Brazilian Vice President Jose Alencar signed a measure setting March 18 as Jewish Immigration Day. The date coincides with the re-inauguration date in 2002 of the Brazilian synagogue Kahal Zur Israel, the oldest synagogue in the Americas.

"It was not easy to choose a date among many that represent the influence and the contribution of the Jewish community to the development of our country," said Marcelo Itagiba, the Jewish congressman who had proposed the bill.

Alencar signed the measure on Dec. 17 and then lit Chanukah candles with the local Jewish community, flanked by Reform Rabbi Sergio Margulies and Conservative Rabbi Michel Schlesinger. President Luis Inacio Lula da Silva was out of the country attending the United Nations climate conference in Denmark.

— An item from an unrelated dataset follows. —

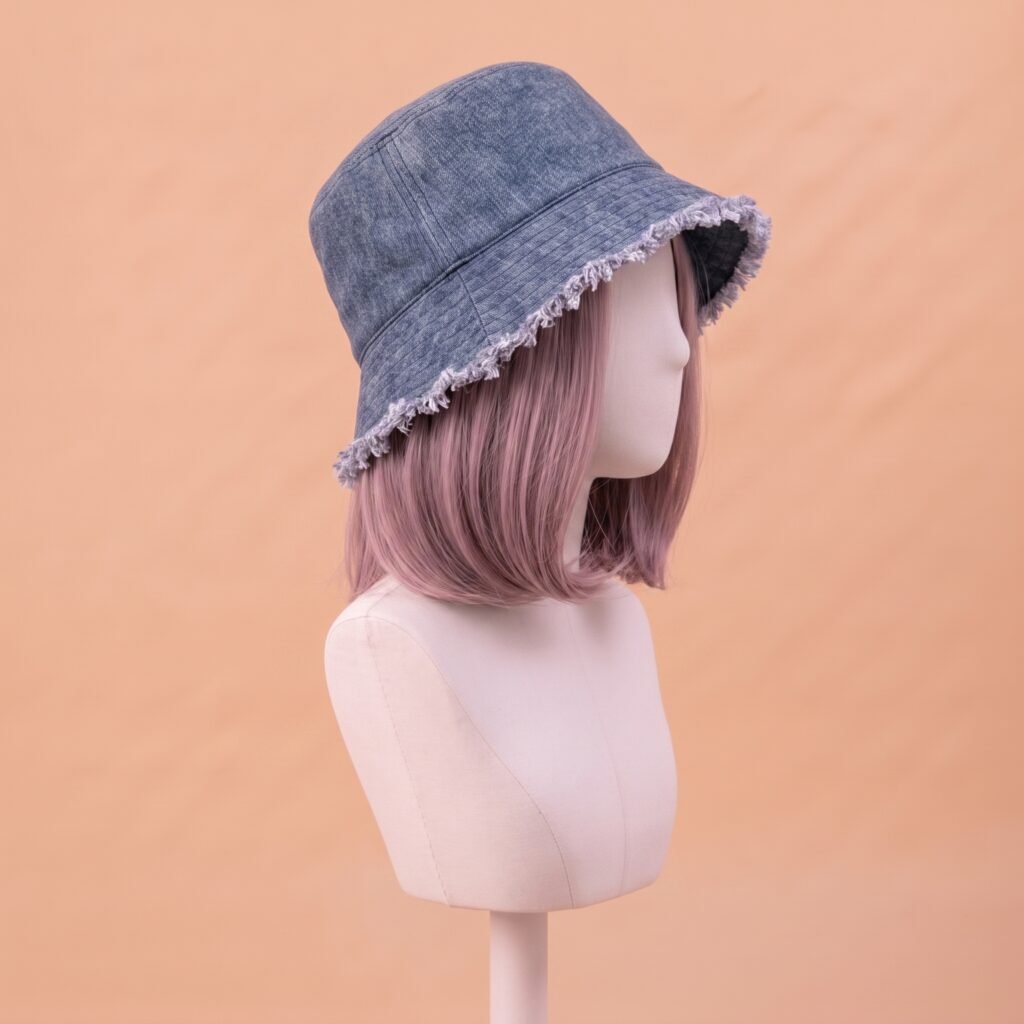 Frayed Bucket-wig | Washed Blue | Varies Hair Selections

The ceremony in Brasilia was attended by several Jewish officials, including Israeli Ambassador Giora Becher and Israel’s Honorary Consul in Rio de Janeiro Osias Wurman.

Founded in 1636, Kahal Zur Israel was built in Recife during a short Dutch rule in the northeastern corner of Brazil. It was the very first Jewish synagogue established in the New World. Built in 1732, the Mikve Israel-Emanuel synagogue in Curaçao is the oldest synagogue in the Americas still in use.

Brazil has some 120,000 Jews, the second largest Jewish population in Latin America after Argentina.